La priorité doit être donnée au verdissement de la ville, partout où cela est possible. Le Plan local d’urbanisme qui aurait dû être révisé dès 2014 (promesse non tenue de Guy Geoffroy lors de la campagne 2013/2014), doit inscrire des règles strictes limitant l’imperméabilisation des sols. Il doit également obliger la plantation d’arbres dans les permis de construire et en contrôler l’application. Il doit sauvegarder parcs et espaces verts de la ville. Ainsi, par exemple les arbres de l’allée bordant le centre de loisirs du Chêne devraient être préservés. Or, le maire et sa majorité veulent vendre la parcelle cadastrale 0180. Cela met en péril l’alignement d’arbres et en définitive un morceau de la coulée verte. En totale contradiction avec ses engagements.
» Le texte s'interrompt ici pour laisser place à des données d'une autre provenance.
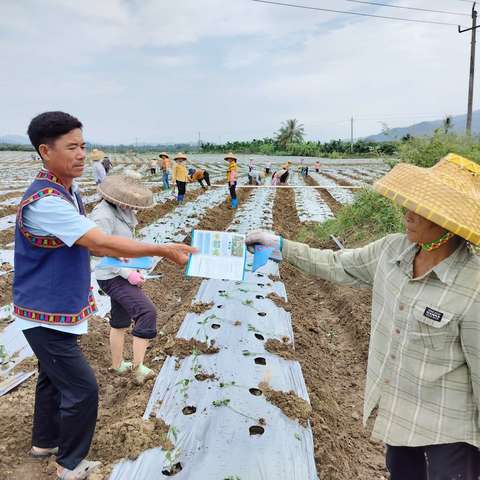 英州镇开展“禁种铲毒”踏查暨禁毒宣传活动（十）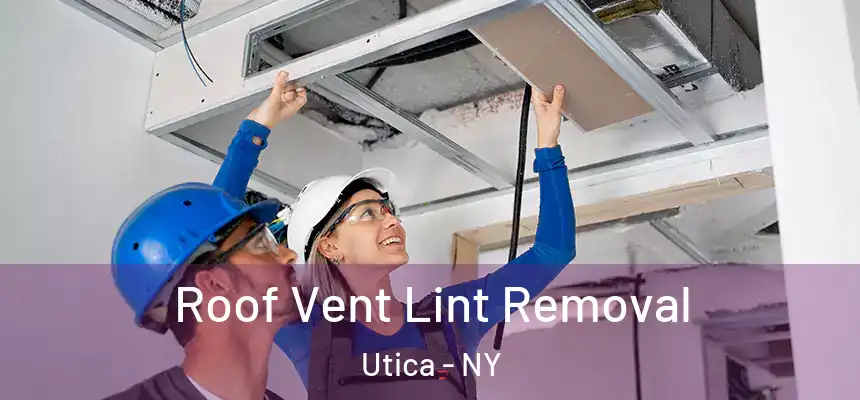 Roof Vent Lint Removal Utica - NY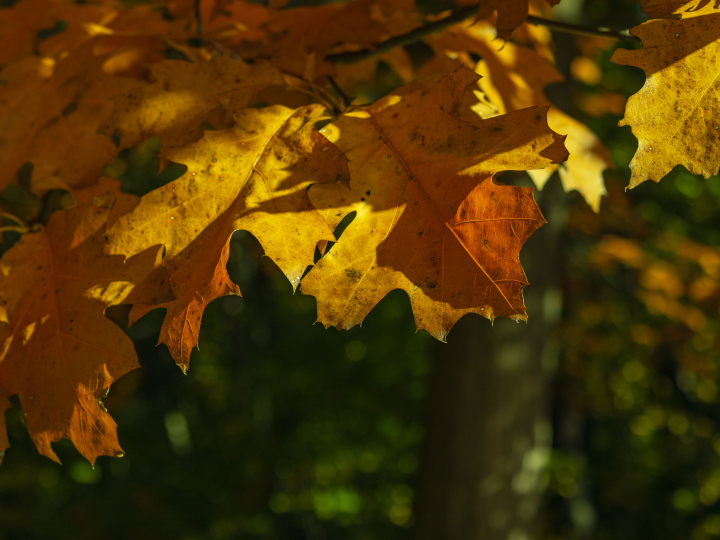 Herbstlaub auf Eiche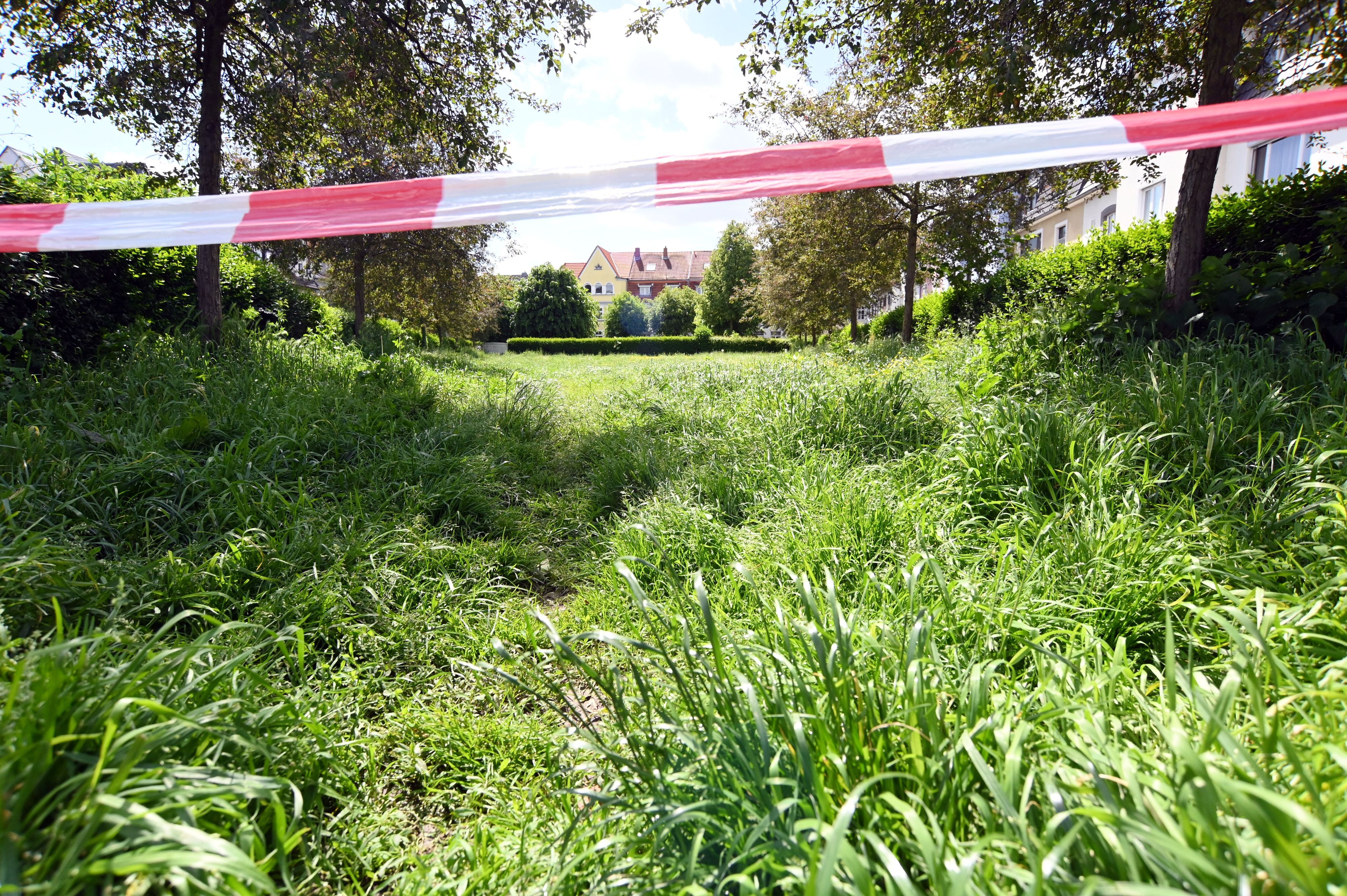 Die Rasenfläche auf dem Pauliplatz in Braunsfeld soll zu einer Blühwiese werden – einige Anwohner stört das.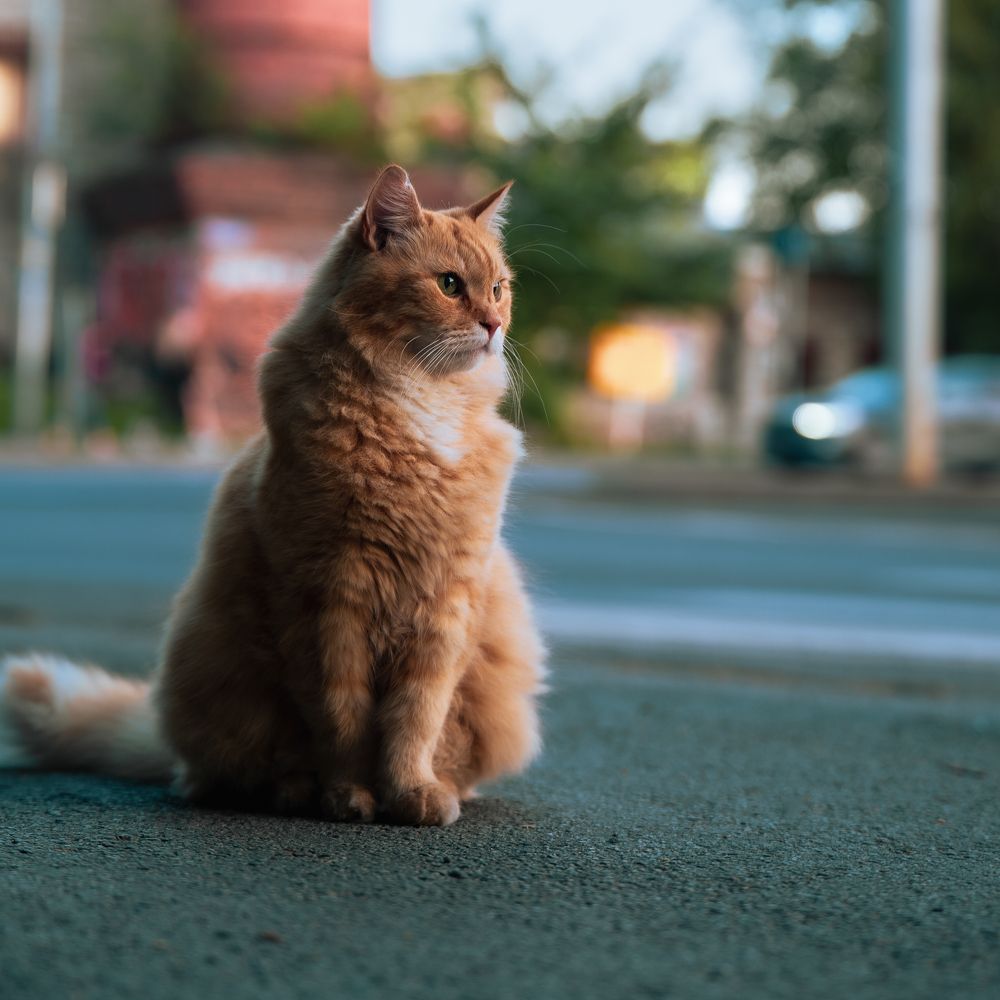 Photograph by Nikolay Surovtsev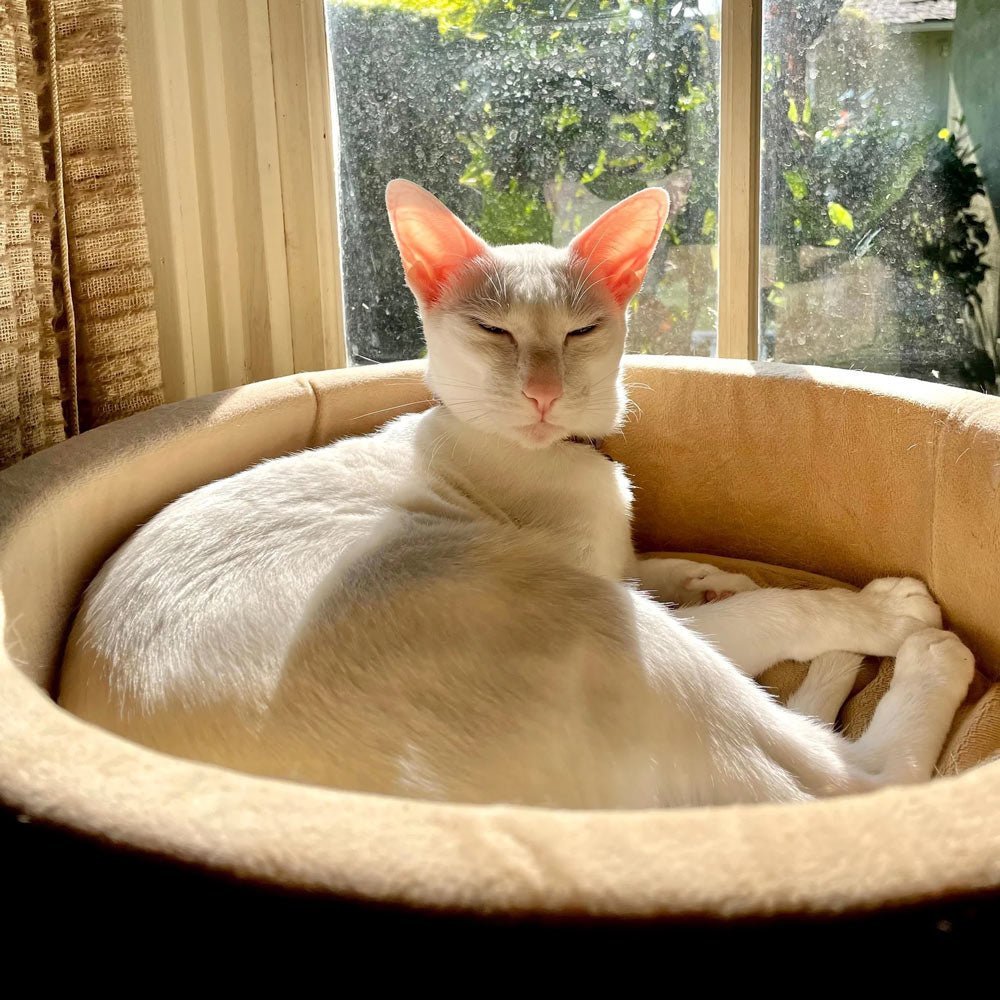 K&H Pet Products Thermo-Kitty Bed Indoor Heated Cat Bed – Safe, Energy Efficient & Washable - FurrowpetstoreBeds & FurnitureJeffers
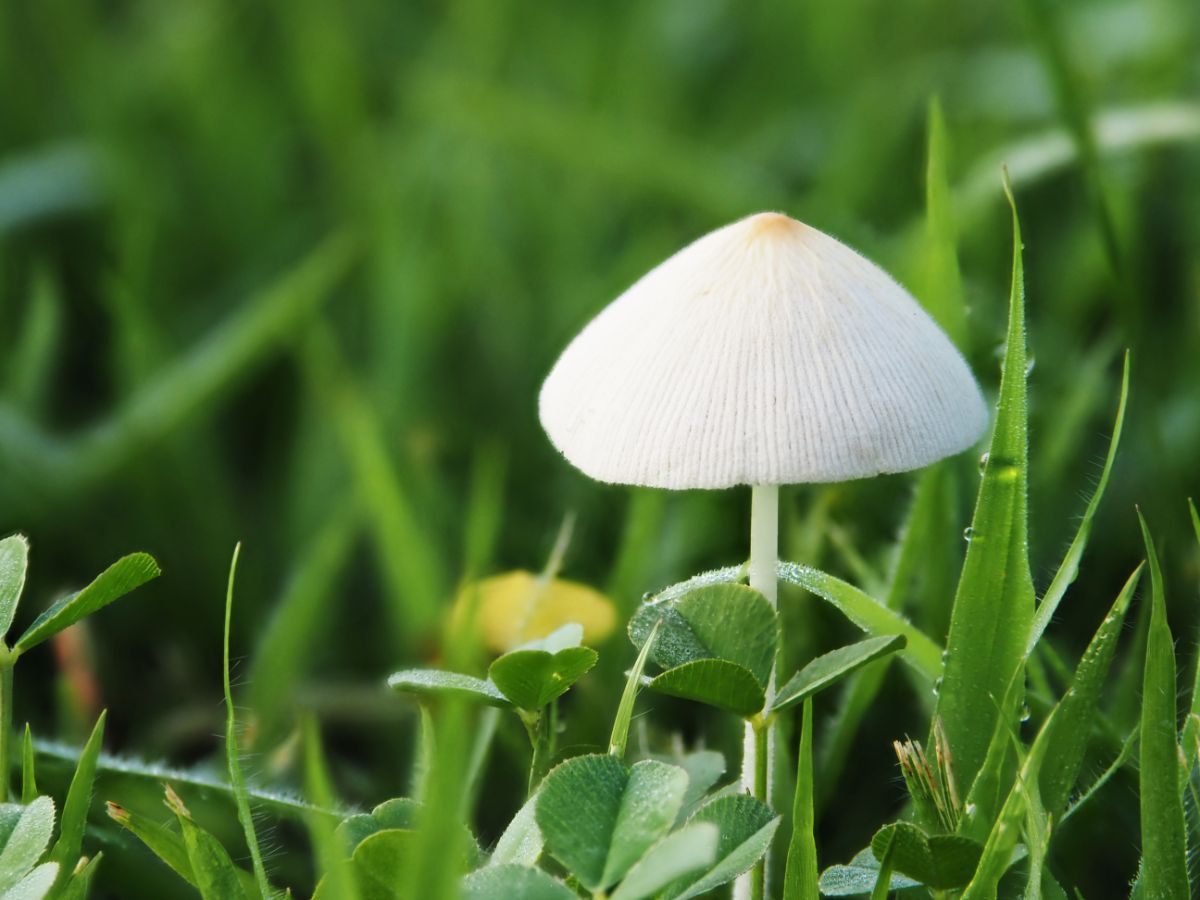 milky conecap mushroom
Il ne faut plus justifier des travaux et des investissements en utilisant les grandes envolées lyriques de l’écologie. C’est le cas pour le parking Pablo Picasso encore en bon état. La communication bien rodée de la ville veut nous faire avaler des couleuvres. Nos moyens doivent être utilisés pour lutter contre le réchauffement climatique en rénovant nos équipements et bâtiments municipaux afin qu’ils soient moins énergivores. Une priorité devrait être donnée aux écoles qui sont pour certaines invivables en période de grandes chaleurs.

Nous reviendrons sur ces différentes questions et sur le pacte de transition écologique dans les semaines qui viennent. Reste un point positif, le réaménagement tant attendu de la Couture, projet financé avec l’aide de la région Ile de France et le département de Seine-et-Marne (27 000€ à la charge de la commune, 3 ans pour aboutir). Nous ne pouvons que nous réjouir de ces travaux dans une zone inondable, inconstructible et fragile. Il était grand temps d’intervenir et urgent de le réaliser.